FIGURE 2.

Structures of type III CRISPR ancillary proteins. (A) E. italicus (Eit) Csm6 dimer in complex with its cyclic hexa-adenylate (cA₆) activator (shown in sphere form). EitCsm6 is a nonspecific ribonuclease containing CARF (dark and light blue) and HEPN (dark and light green) domains (Garcia-Doval et al. 2020). (B) T. onnurineus (Ton) Csm6 dimer in complex with its cyclic tetra-adenylate (cA₄) activator. TonCsm6 is a nonspecific ribonuclease consisting of CARF and HEPN domains (Jia et al. 2019c). (C) S. islandicus (Sis) Csx1 hexamer in complex with its cA₄ activator. SisCsx1 dimers form a hexamer upon cA₄ binding and RNA is cleaved at three distinct active sites within the interior of the hexamer (Molina et al. 2019). (D) S. solfataricus (Sso) Csa3 dimer. SsoCsa3 is a cA₄ stimulated transcription regulator consisting of CARF and a helix-turn-helix DNA binding domain (yellow and orange) (Lintner et al. 2011). (E) T. thermophilus (Tth) CRISPR ancillary nuclease 1 (Can1) monomer in complex with its cA₄ activator.

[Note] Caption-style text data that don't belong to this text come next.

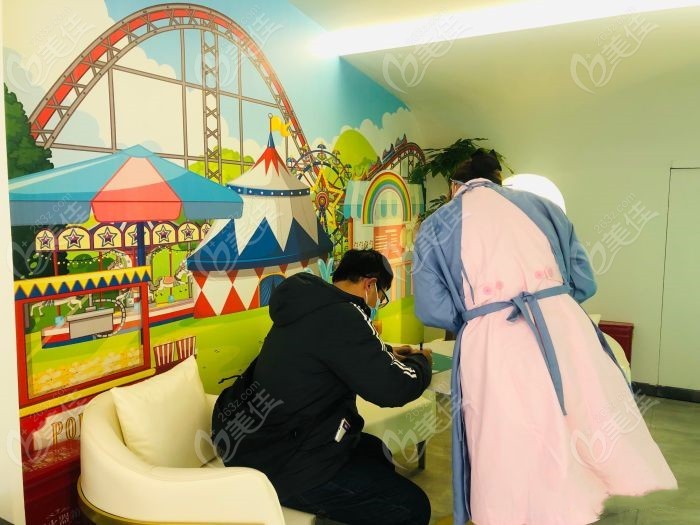 武汉南湖平头牙匠口腔门诊部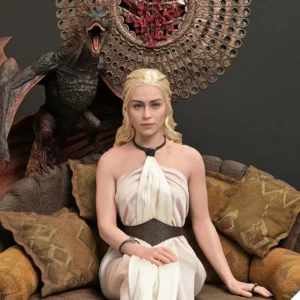 Daenerys Targaryen Statue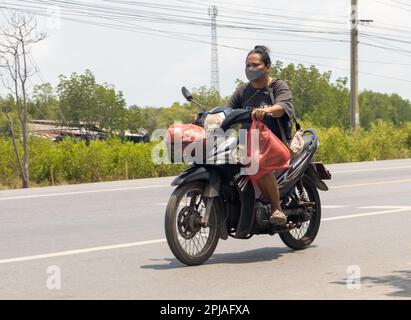 BANGKOK, THAÏLANDE, MARS 24 2023, le conducteur porte des sacs sur une moto Banque D'Images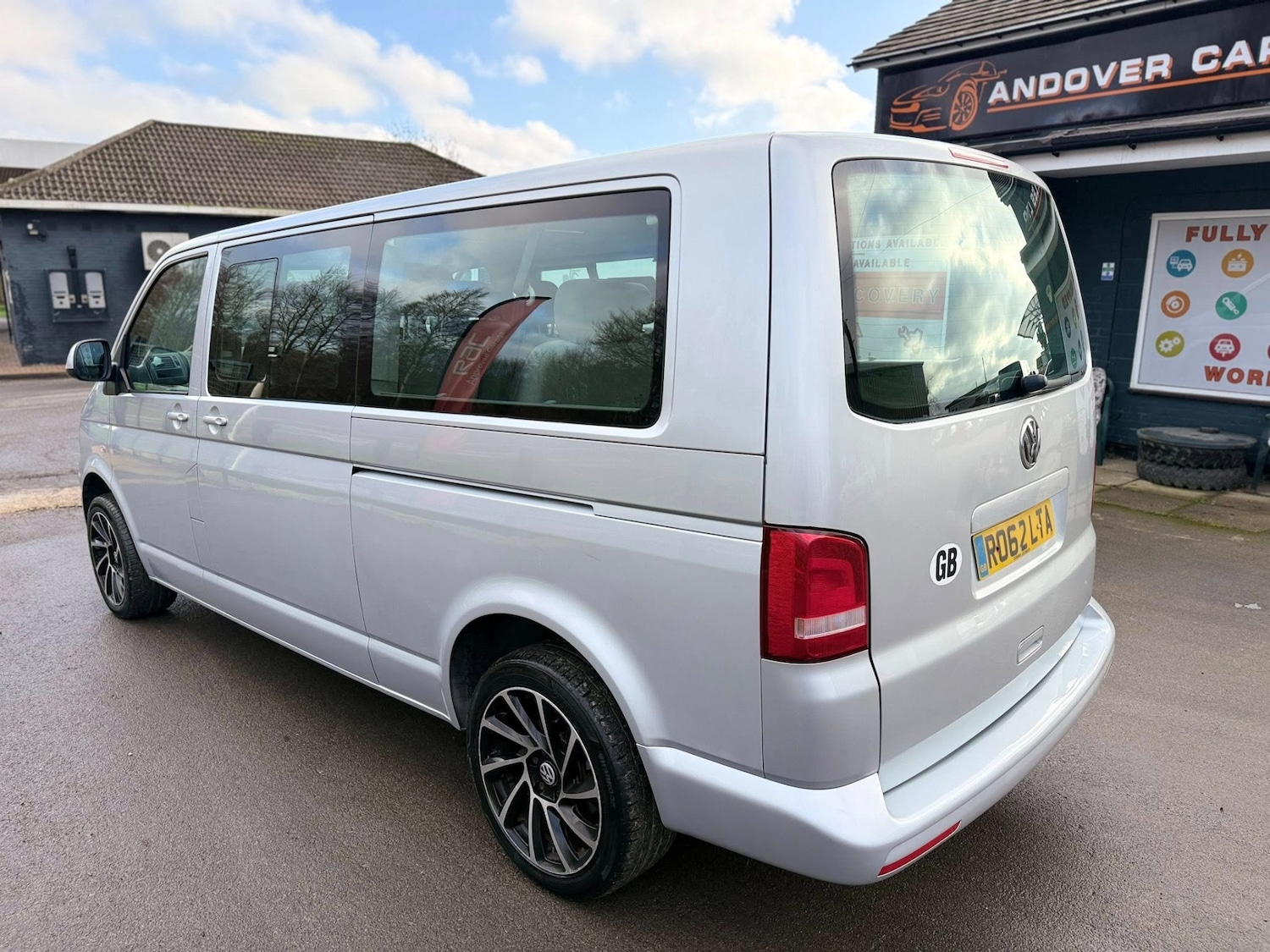 Used Volkswagen Transporter Shuttle 2012 for sale - 76905718: Photo 3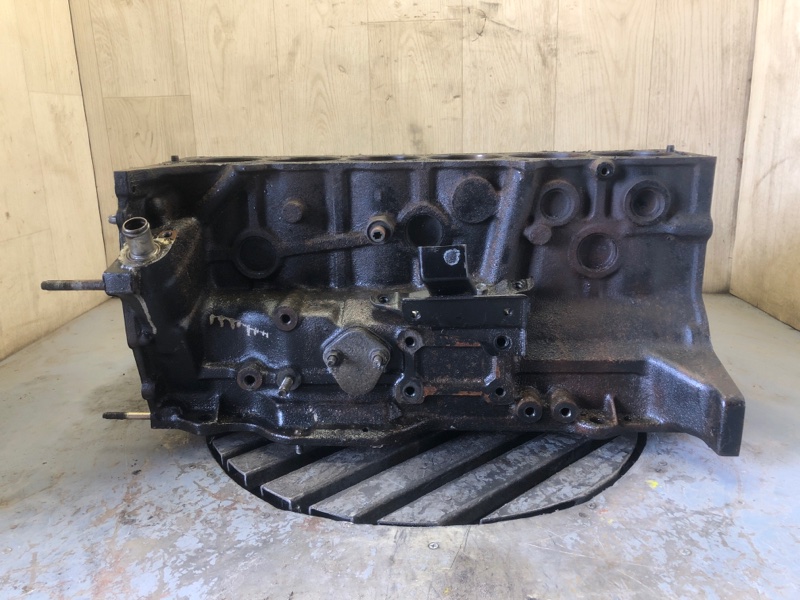 Блок двигуна TOYOTA SUPRA 86-92 1140149585 — 2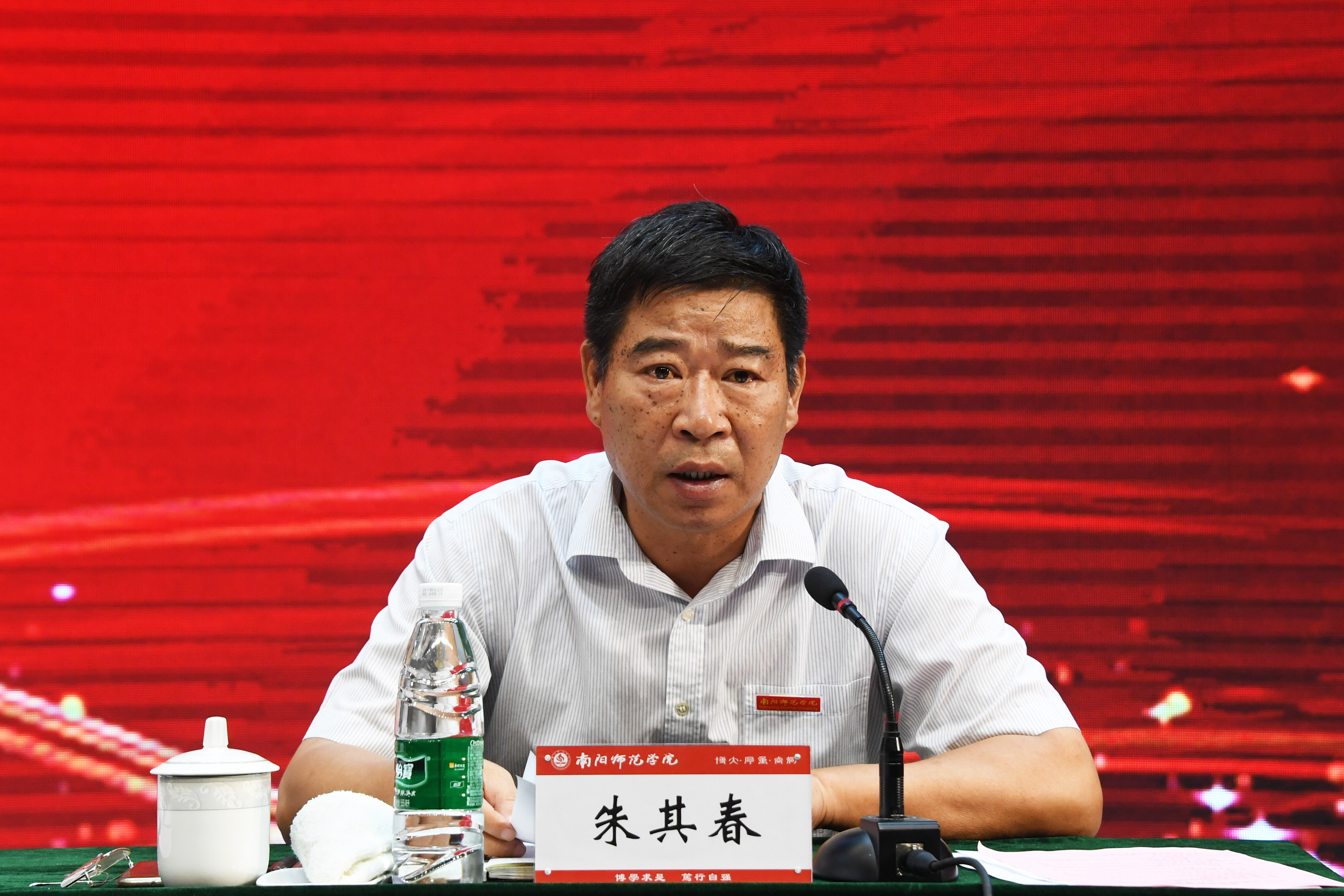 7工会主席朱其春宣读《Beat365官网关于对2019年度从事教育工作满三十年教职工颁发荣誉证书及纪念章的决定》.jpg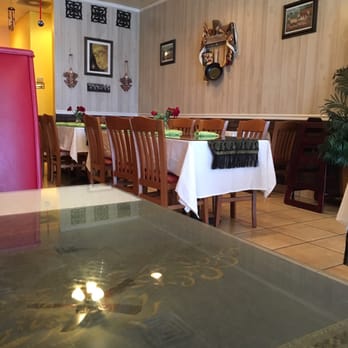 Thai Taste Cusine - Really cute look on the inside with fresh flowers - Thai Near Me - Marietta, Georgia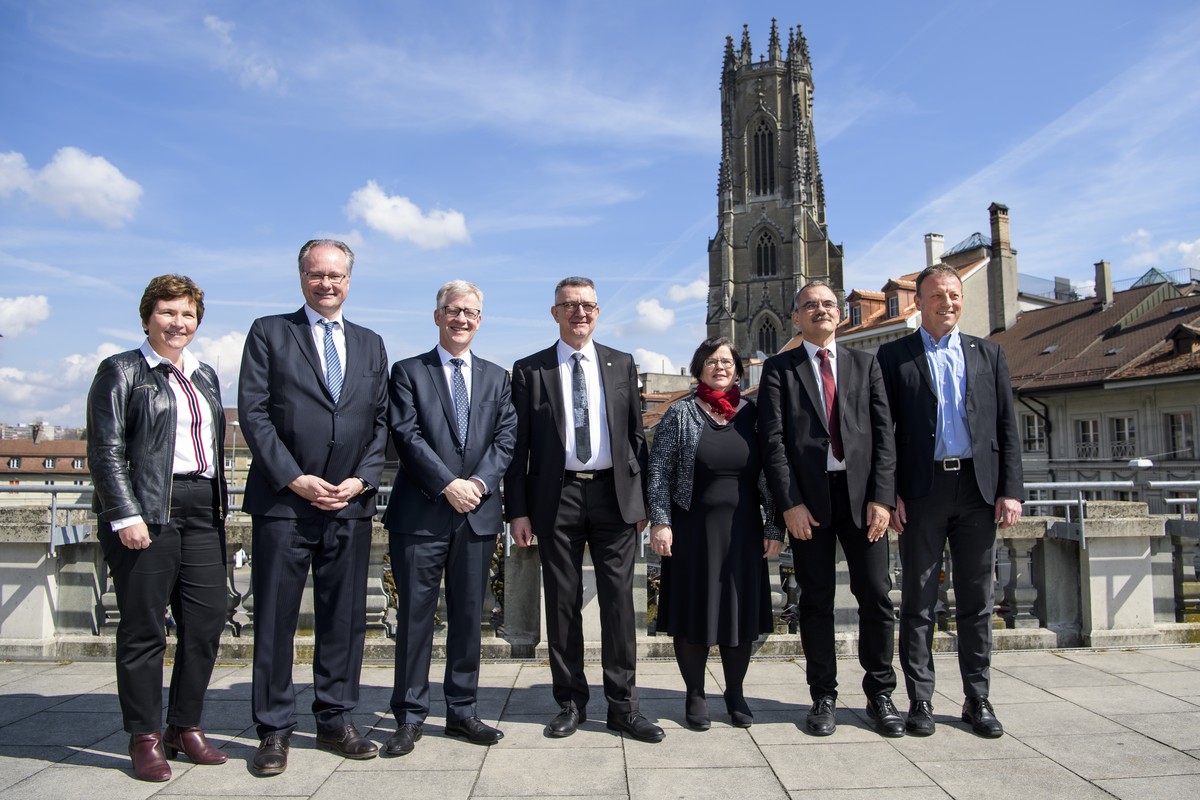Une partie du nouveau Conseil d'Etat fribourgeois avec depuis la gauche, la Chanceliere Danielle Gagnaux, Maurice Ropraz, Jean-Pierre Siggen, Georges Godel, Anne-Claude Demierre, Jean-Franois St ...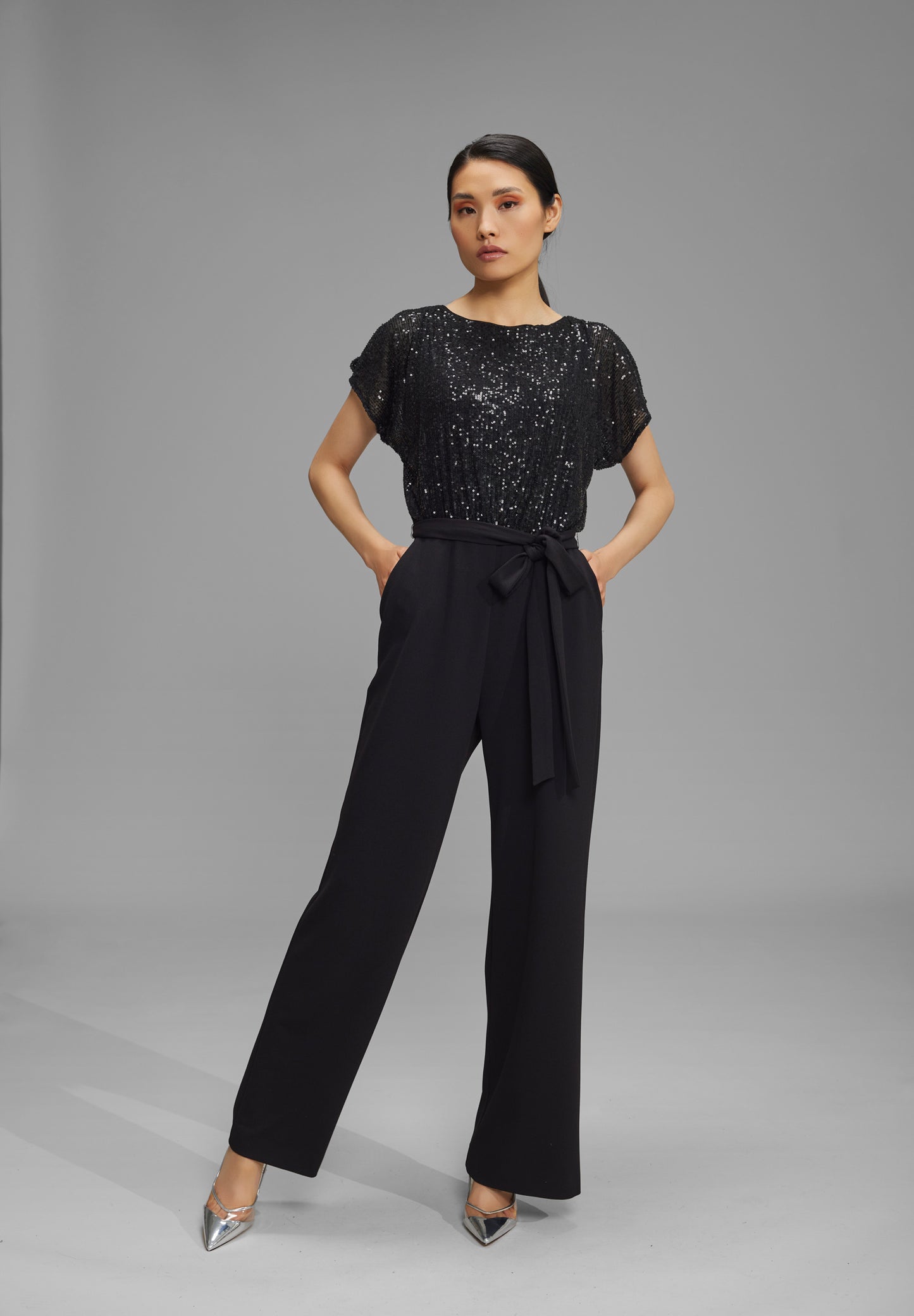 Jumpsuit mit Cut-Outs und weitem Bein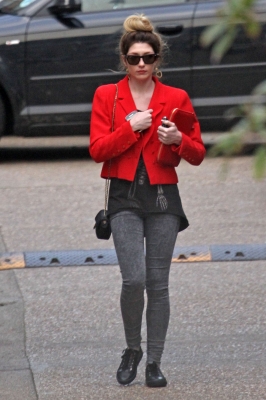 Nicola_arriving_at_her_managements_office_in_London_23_03_12_281429.JPG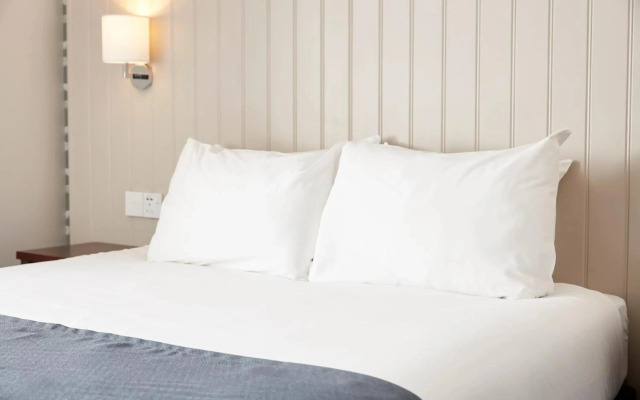 Premier Inn Pontefract South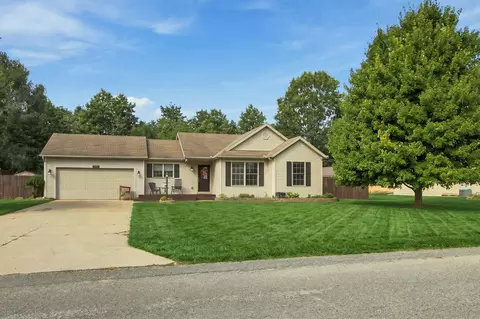 3030 Maplewood St, Hagar, MI 49022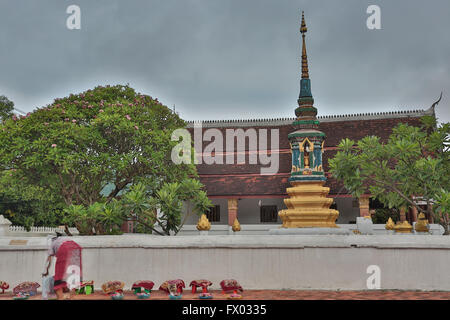 Demokratische Volksrepublik Laos, Luang Prabang - 9 Mai: Menschen, die Almosen zu buddhistische Mönche auf der Straße, Luang Prabang, 9 M Stockfoto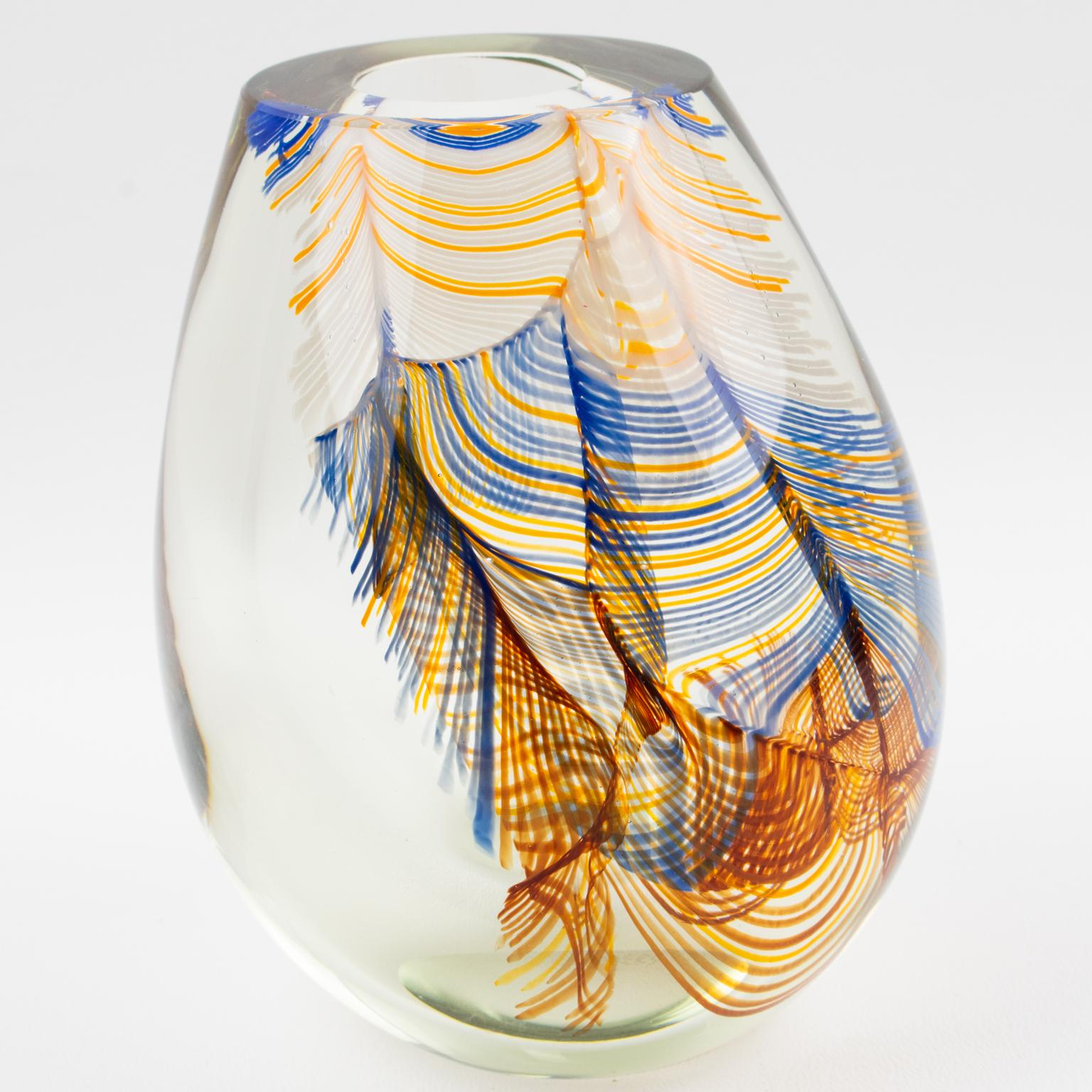 Questo affascinante vaso in vetro artistico moderno soffiato a mano di Stephen Smyers è stato creato in California nel 1970. Si tratta di un pezzo raro, realizzato con un vetro fatto a mano, unico nel suo genere e prodotto nello studio A Studio.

TthCan1 nicks super-coiled DNA and is comprised of two CARF domains and a PD-D/ExK family nuclease domain (salmon colored) (McMahon et al. 2020). (F) T. succinifaciens cyclic oligoadenylate activated RNase and DNase 1 (Card1)/Can2 dimer in complex with its cA₄ activator. Card1/Can2 is related to Can1 and is a dual-specificity nuclease with CARF and PD-D/ExK nuclease domains (red and salmon) (Rostøl et al. 2021; Zhu et al. 2021). (G) E. coli (Eco) NucC hexamer in complex with its cyclic tri-adenylate (cA₃) activator. EcoNucC trimers assemble into a hexamer upon cA₃ binding and degrades dsDNA (Lau et al. 2020). NucC is related to restriction endonucleases and binds cA₃ at a protein domain unrelated to the CARF family.